SF Fed President Yellen on Community Banks

From San Francisco Fed President Janet Yellen: Outlook for the U.S. Economy and Community Banks:
"Now let me turn to the business environment facing banks. The industry is going through one of the most difficult periods in modern times. ... Bank profits are down, loan delinquencies are up, and failures are climbing."

"Recessionary effects normally take some time to work their way through loan portfolios. So, even though I expect economic growth to resume in the second half of this year, banking conditions are likely to remain quite weak for another year or two."

"To date, the community banks under greatest financial stress are those with high real estate concentrations in construction and land development lending. Banks that liberally funded speculative housing and condominium construction, and those that funded land acquisition and development, have been hardest hit.
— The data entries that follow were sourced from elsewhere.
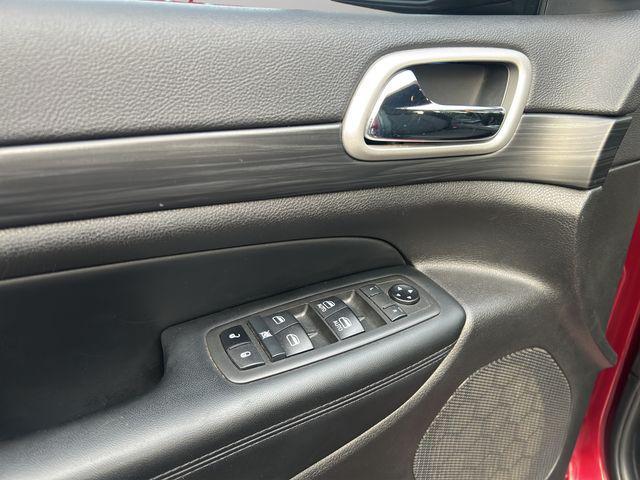 used 2021 Jeep Grand Cherokee car, priced at $20,000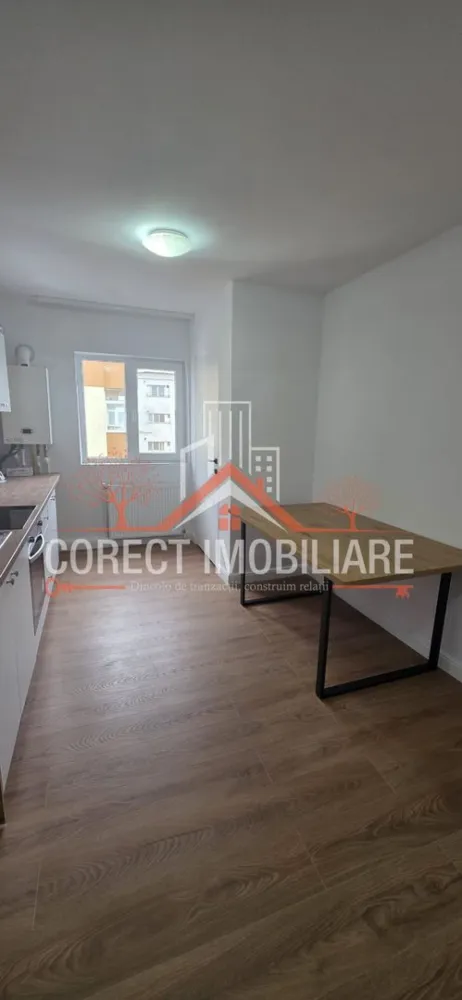 Apartament 2 camere decomandat, etaj 3, mobilat și utilat – Garoafei - De vânzare apartament cu 2 camere decomandate, situat la etajul 3, în strada Garoafei, o zonă liniștită și bine conectată.
Apartamentul are o suprafață utilă de 52 mp și dispune de două balcoane deschise (8 mp). Un mare avantaj îl reprezintă bucătăria separată, completată de cămara pentru depozitare și dressing dedicat pentru mașina de spălat și uscător, oferind organizare eficientă a spațiului.
Locuința se vinde mobilată și utilată, fiind pregătită pentru mutare imediată. Ideal atât pentru locuit confortabil, cât și pentru investiție.
Caracteristici principale:
✔ apartament 2 camere decomandat
✔ etaj 3 (intermediar)
✔ 52 mp utili
✔ 2 balcoane – 8 mp
✔ bucătărie separată
✔ cămară
✔ dressing pentru mașină de spălat și uscător
✔ mobilat și utilat 
✔ zonă Garoafei
Se acceptă orice formă de plată: credit bancar sau integral.
📞 Sună pentru detalii și vizionare!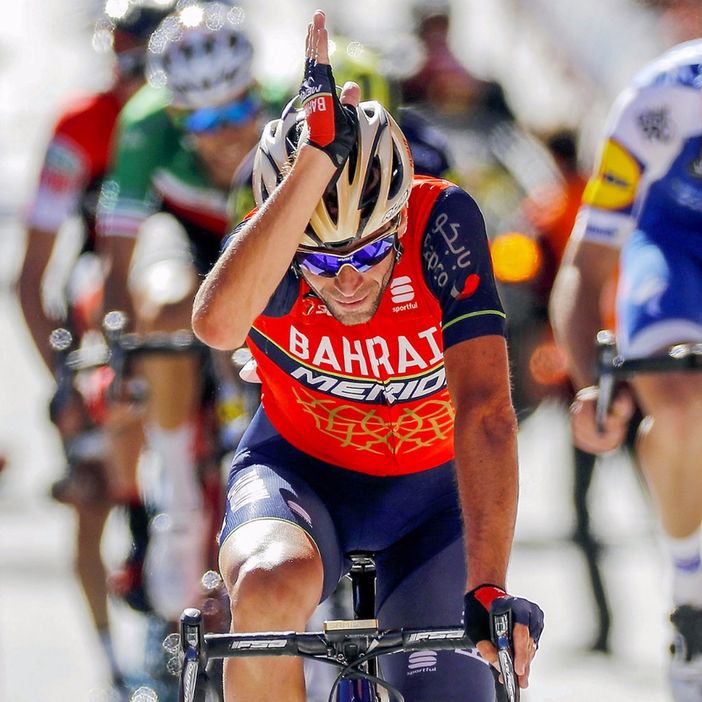 Vincenzo Nibali racconta le sue scalate da “squalo” al “Nuovi Mondi” Festival Vincenzo Nibali racconta le sue scalate da “squalo” al “Nuovi Mondi” Festival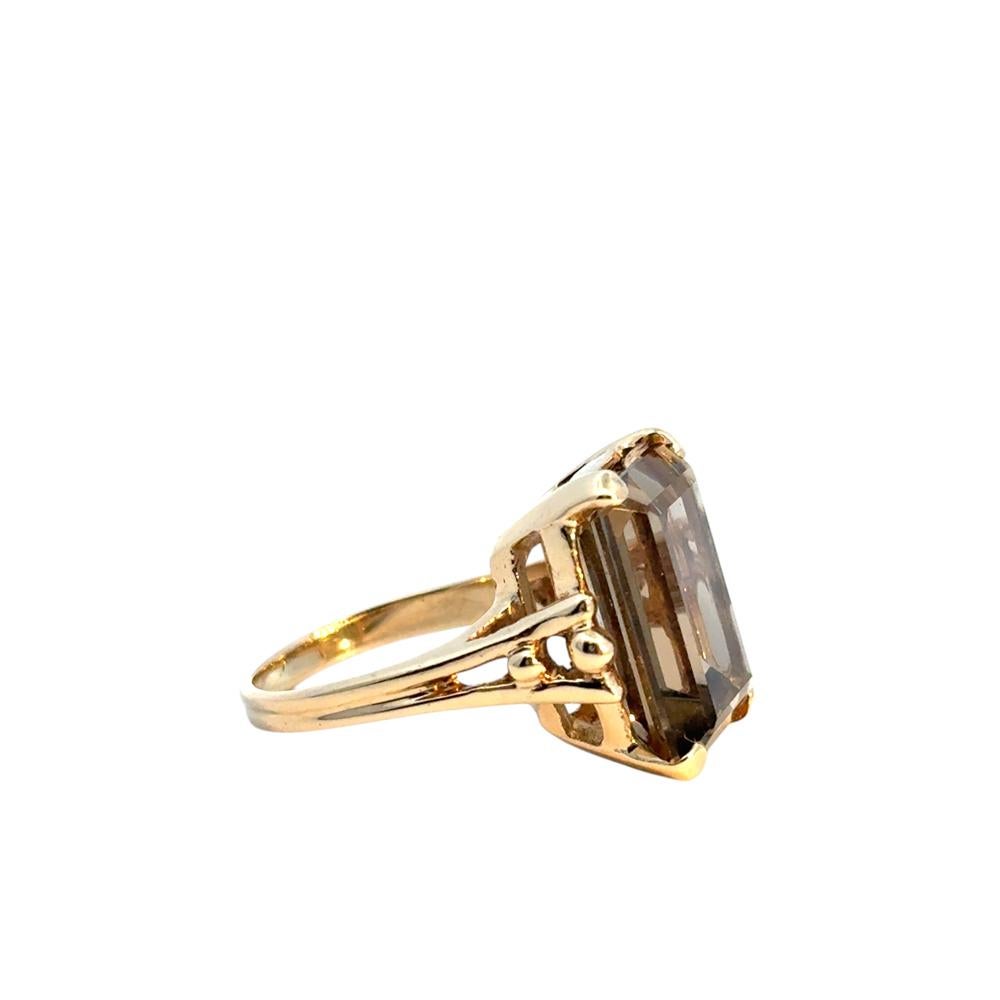 Vintage 14k Yellow Gold Smoky Quartz Gemstone Ring In Excellent Condition For Sale In Boca Raton, FL
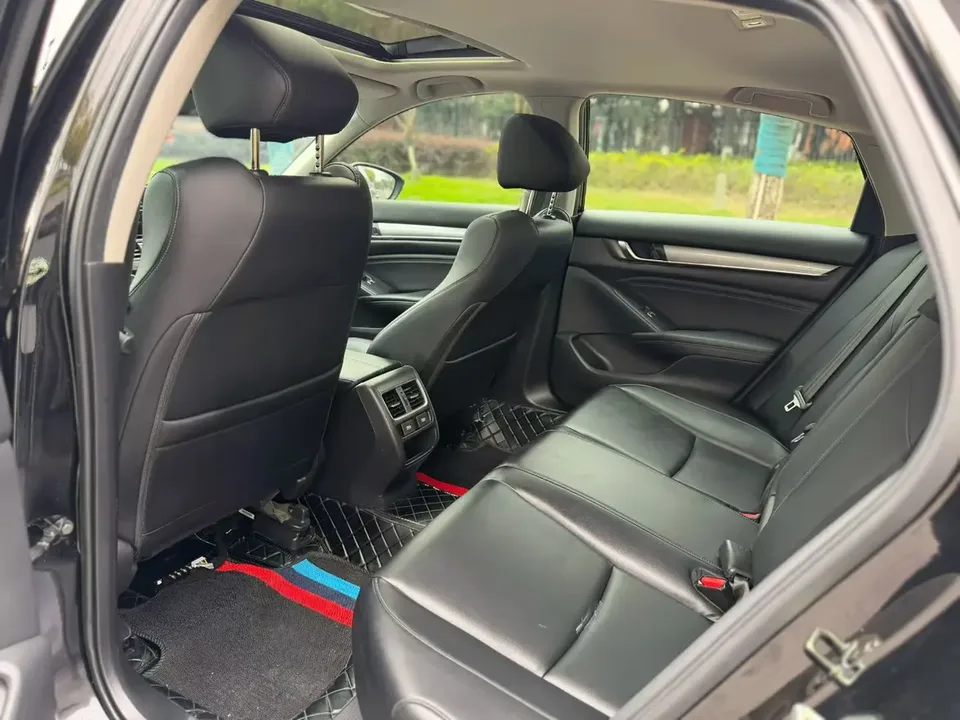 Honda Accord 2022 Accord Hybrid 2.0L Sharp Edition 2023 — миниатюра 3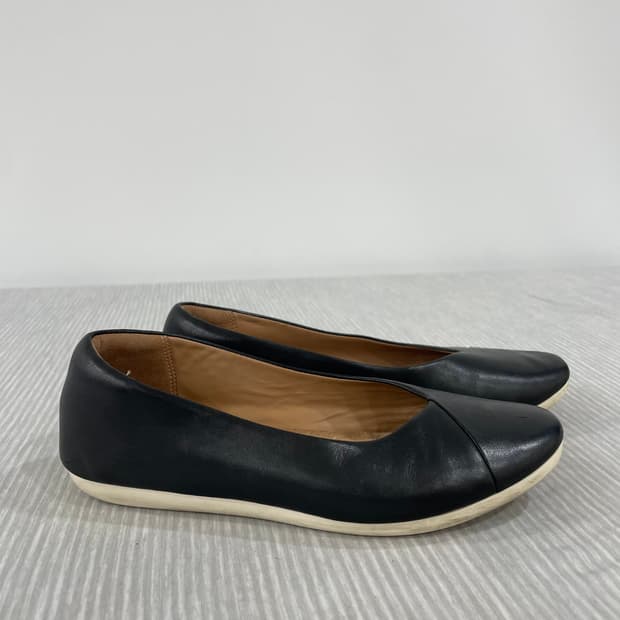 Clarks 클락스 아티산 레더 플랫슈즈 240-245mm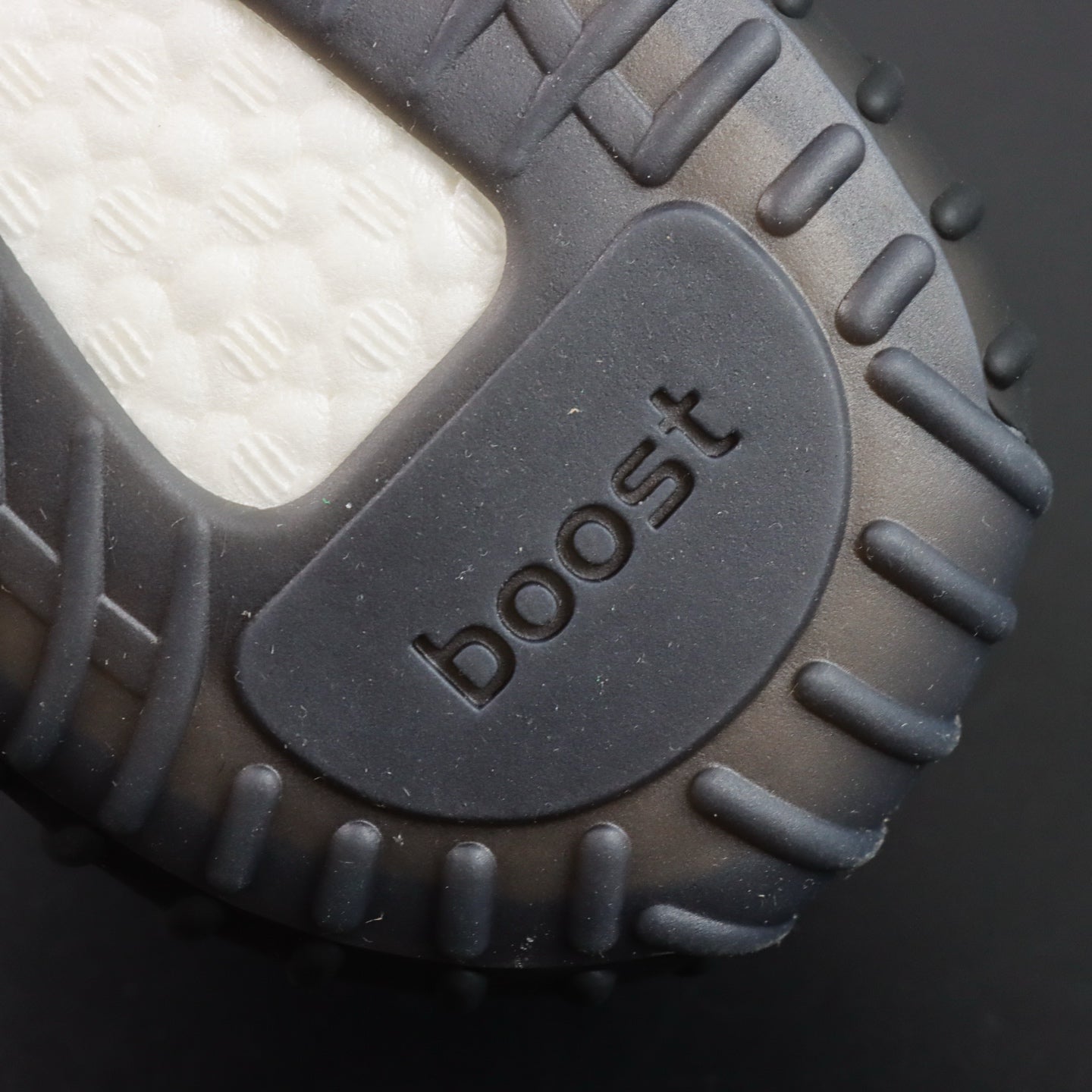 Ultra Shadow Black Red – Tihi luksuz & agresivan stil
Over 20 District financial institutions have failed since last year. The vast majority of them had high concentrations in residential construction and development lending. In fact, these banks had construction loans that averaged about 40 percent of their loan portfolio, well above the District average of 16 percent. Unfortunately, some banks that aggressively pursued these loans had weak appraisal and risk-monitoring systems."

"The next area of significant vulnerability for the banking system, particularly for community and regional banks with real estate concentrations, is income-producing office, warehouse, and retail commercial property. Market fundamentals in most western states are deteriorating. Vacancy rates are rising and rent pressures are hurting property cash flows. Office vacancy rates in both Boise and Portland are expected to reach or exceed 20 percent over the next year or two, the highest rates these cities have seen in many years. Retail shopping centers are struggling with falling occupancy rates and pressures to grant rent concessions. Property values are falling sharply across wide areas of the country, including the Pacific Northwest. Some analysts forecast that commercial property values could experience falls similar to housing of 30 to 40 percent."

"Our biggest concern now is with maturing loans on depreciated commercial properties. In many cases, borrowers seeking to refinance will be expected to provide additional equity and to have underwriting and pricing adjusted to reflect current market conditions. In some cases, borrowers won’t have the resources to refinance loans."